Model of Ptolemy

Ptolemy's geometric model of the motion of the center of an epicycle around a deferent can also be used to describe a heliocentric planetary orbit. The model is illustrated in Fig. 19. The orbit of the planet corresponds to the circle $\Pi P D A$ (only half of which is shown), where $\Pi$ is the perihelion point, $P$ the planet's instantaneous position, and $A$ the aphelion point. The diameter $\Pi S C Q A$ is the effective major axis of the orbit, where $C$ is the geometric center of circle $\Pi P D A$, $S$ the fixed position of the sun, and $Q$ the location of the so-called equant. The radius $CP$ of circle $\Pi P D A$ is the effective major radius, $a$, of the orbit. The distances $SC$ and $CQ$ are both equal to $e\,a$, where $e$ is the orbit's effective eccentricity.

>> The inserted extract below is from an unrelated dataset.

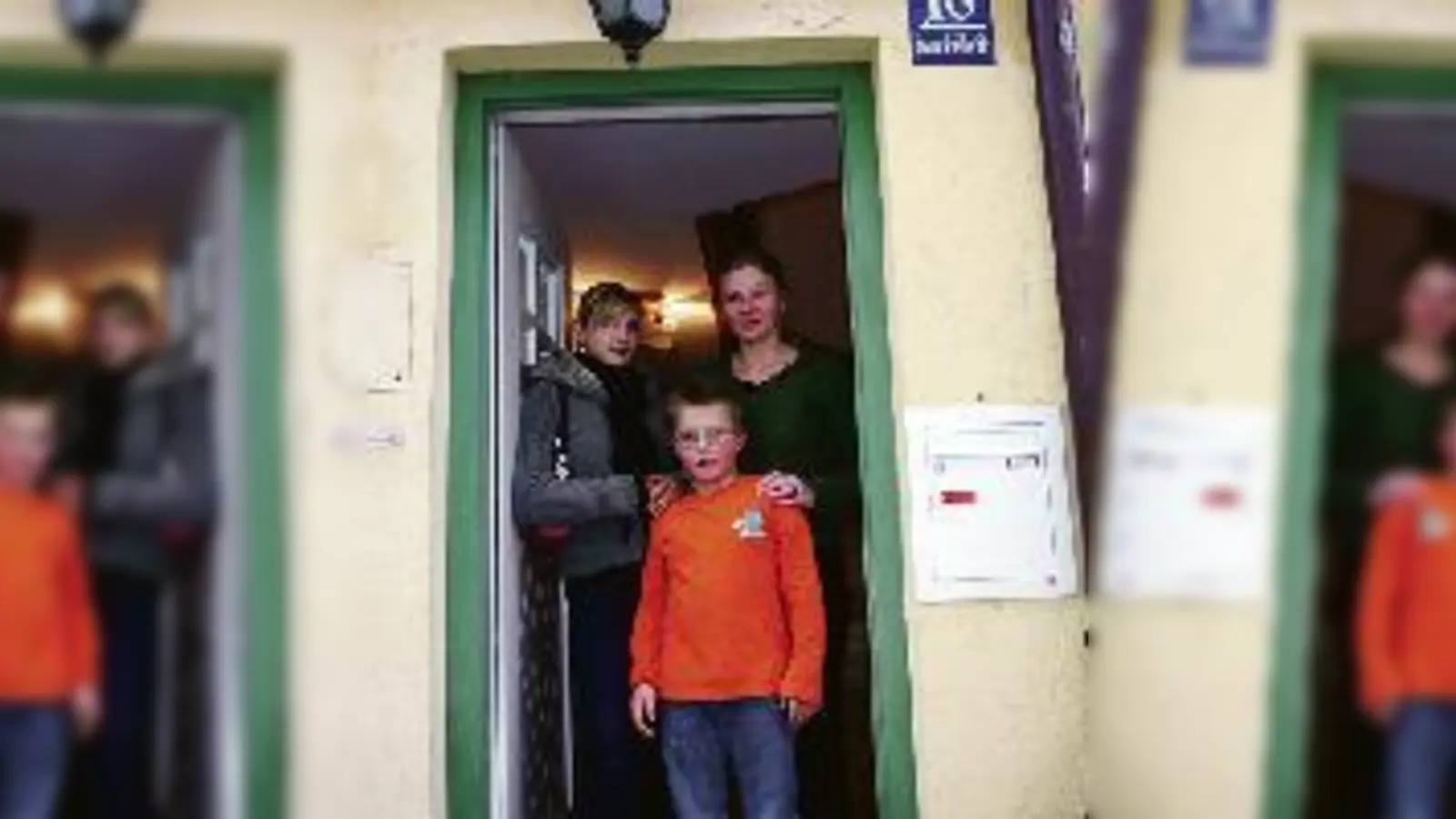 Die Kinder der »Villa Stern« in der Au haben gut Lachen: Sie dürfen in ihren neuen Räumlichkeiten in der Franz-Prüller-Straße bleiben  der Unterstützung des BA 5 und der Kompromissbereitschaft der LBK sei Dank.  (Foto: ak)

The angle $PQ\Pi$ is identified with the mean anomaly, $M$, and increases linearly in time. In other words, as seen from $Q$, the planet $P$ moves uniformly around circle $\Pi P D A$ in a counterclockwise direction. Finally, $SP$ is the radial distance, $r$, of the planet from the sun, and angle $P S \Pi$ is the planet's true anomaly, $T$.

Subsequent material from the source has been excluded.